--- Source data ---

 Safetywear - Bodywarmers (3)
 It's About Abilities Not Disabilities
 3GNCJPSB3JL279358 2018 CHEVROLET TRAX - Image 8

---

**Try it:**
Print every line of the listing exactly.

**Your response:**
 Safetywear - Bodywarmers (3)
 It's About Abilities Not Disabilities
 3GNCJPSB3JL279358 2018 CHEVROLET TRAX - Image 8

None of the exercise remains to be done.